I know this country quite well. IF we ever get another wolf hunting season again in the U.P., this is where I am going to apply for a tag. 

The wolf protection folks raise hell about sport hunting because they advance the argument that sport hunting induced motality has the POTENTIAL to disrupt a wolf pack's social hierarchy structure, causing the pack to disintegrate (this is totally theoretical), again with the potential of pack members experiencing mortality from malnutrition. I have never found any study that supports this claim. Additionally, the MDNR focused their permits on this area with the background hope that the hunt mortality rate would be high enough to cause these packs to restructure. With the number of winter kill deer (mostly fawns with some adults) that "pop" out of the snow each spring, there is very likelihood of massive malnutrition occurring due to social structure alteration post-wolf hunt. 

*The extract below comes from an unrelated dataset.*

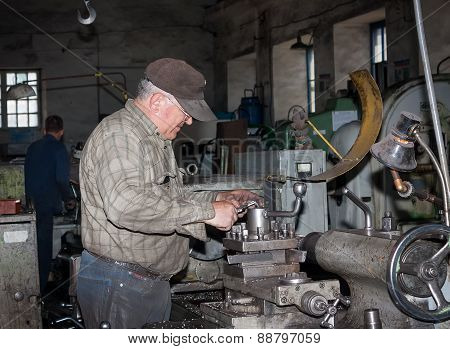Ukraine, Anthracite - May 15, 2013: Turner In The Workplace. Antratsitovsky Repair And Engineering W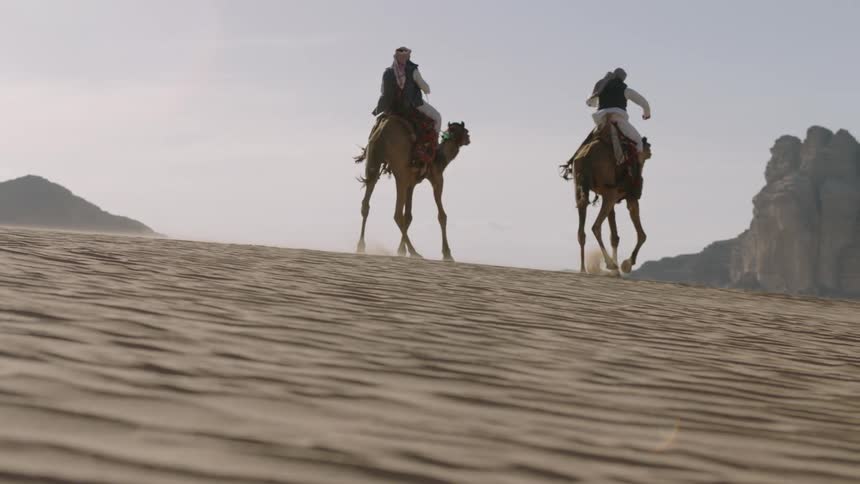Two men ride camels over the sand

But, without a hunt that includes a trapping component, wolf mortality will likely fall well below management goal. 

Simply look at Wolf Kill statistics stratified by mortality type from their hunts for my rationale in advocating for a wolf trapping component, which Could be more pack specific, particularly in this area.


----------



## Cork Dust (Nov 26, 2012)

DirtySteve said:


> When I read your link for the predator study again it really makes me wonder how you think farmers and carcasses skew the data? Why don't you get the fact that farmers exist and they are part of the landscape? You act like farmers are the issue here and they need to change their practices. When I read the results of the study I get a completely different view than you. I read it as wolves are a bigger issue to farmers than I realized. You seem to read it as farmers are messing up a study. The data is what it is. There is nothing skewed about it. I don't think farmers are idiots or insane for wanting to live their lives as they have.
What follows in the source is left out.